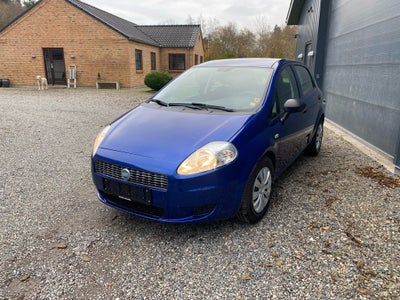 Fiat Punto, 1,2 Active, Benzin, 2007, km 69000, blåmetal, nysynet, ABS, airbag, 5-dørs, centrallås, 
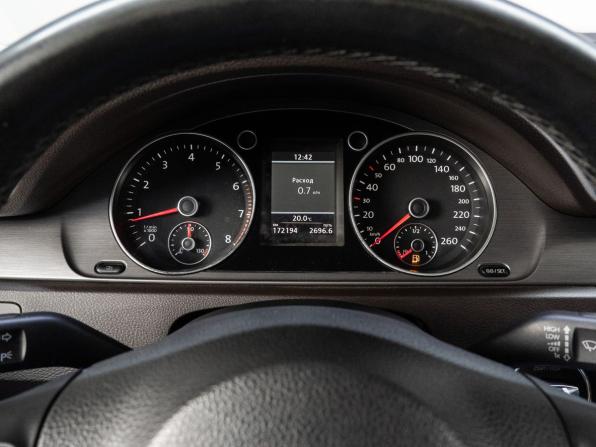 Volkswagen Passat B7 с пробегом 2012 года, цена 800 000 рублей, 172190 км, седан, Автокод Объявления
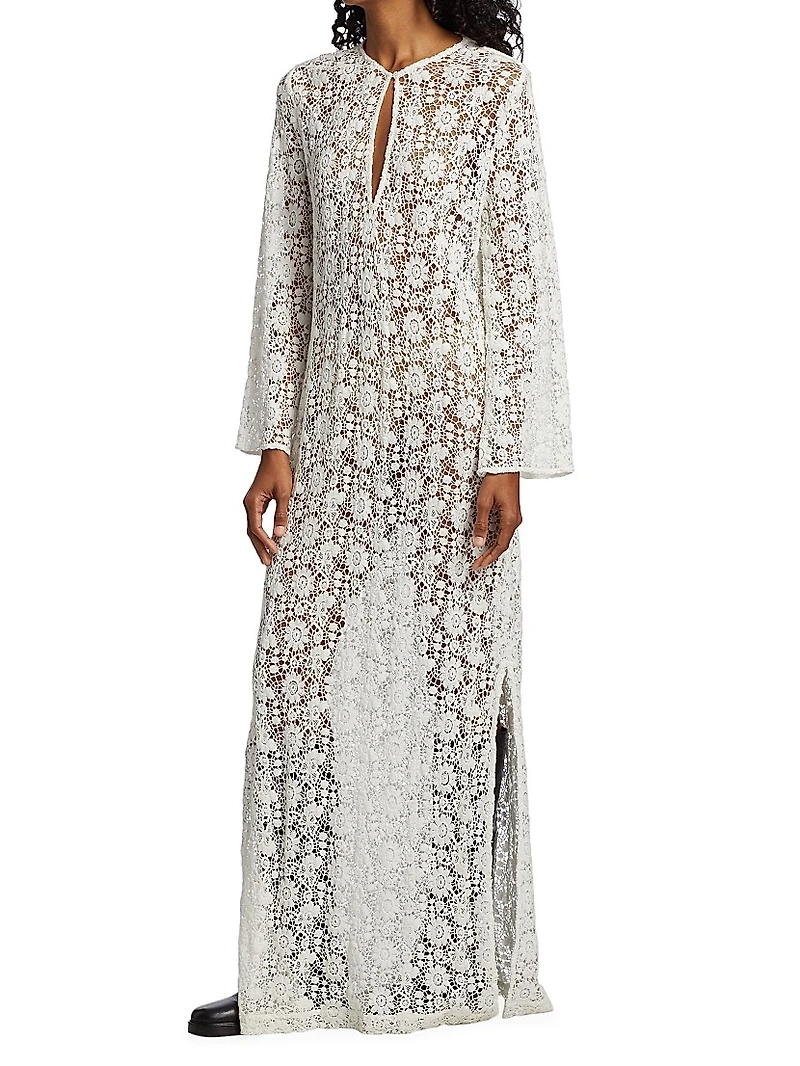 Della Lace Maxi Dress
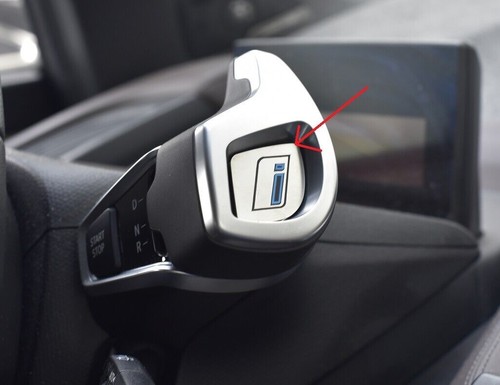 Placca bmw i3s advanced - bmw,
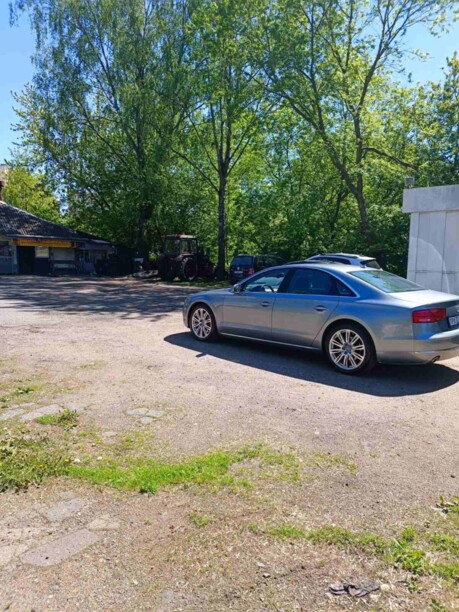 Audi A8 D4, 2010 г.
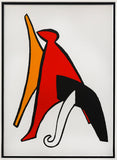 Alexander Calder- Lithograph "DLM141 - Sabot et bonnet phrygien"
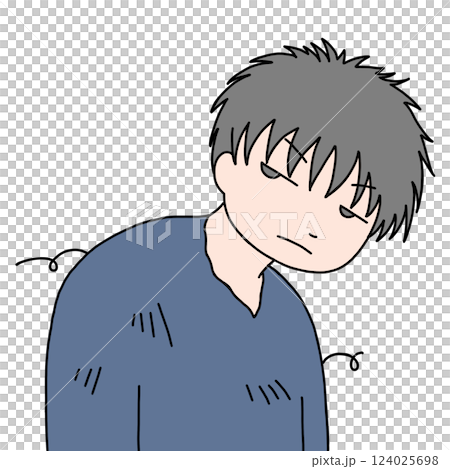 見苦しい 124025698
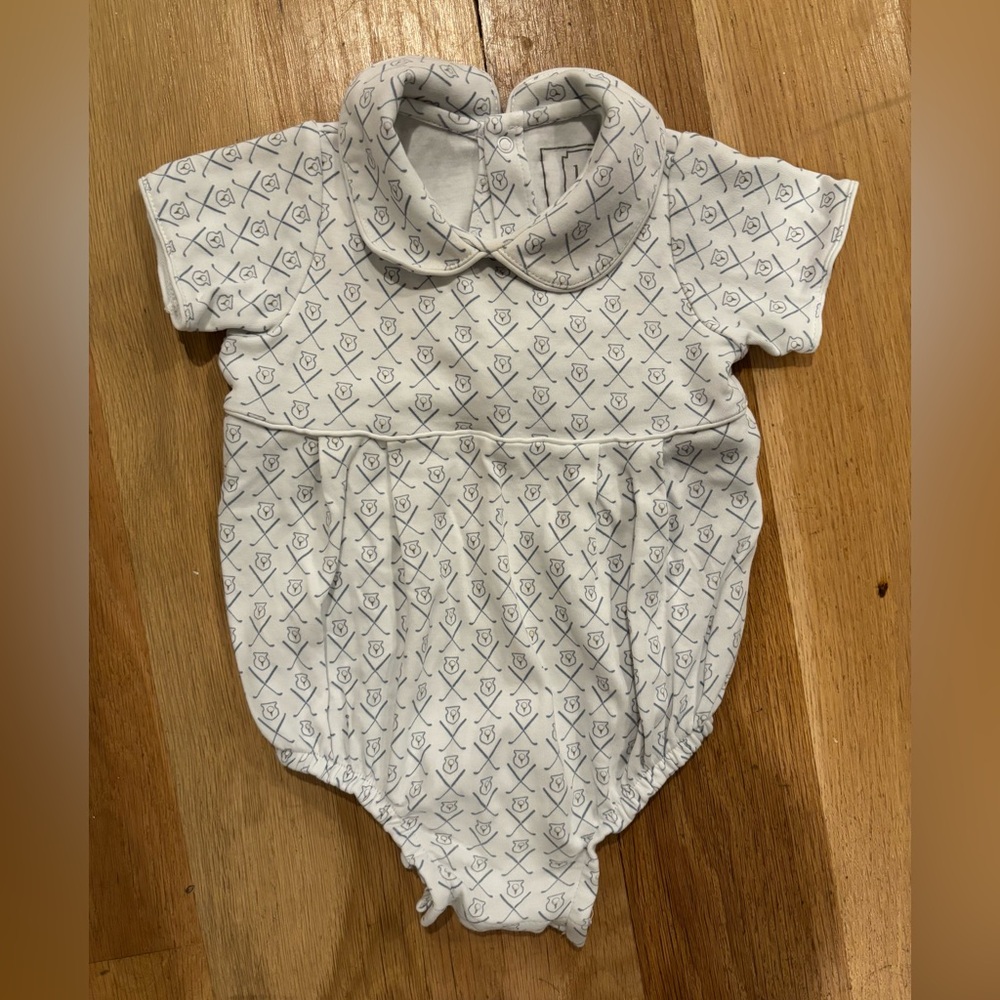 Lila and Hayes Golf Baby Bubble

#### Required work
Transcribe only the lines from the one holding "Audi A8 D4, 2010 г." through the last line of the listing above, inclusive, and do not include the pictures.

#### Your solution
 Audi A8 D4, 2010 г.
 Alexander Calder- Lithograph "DLM141 - Sabot et bonnet phrygien"
 見苦しい 124025698
 Lila and Hayes Golf Baby Bubble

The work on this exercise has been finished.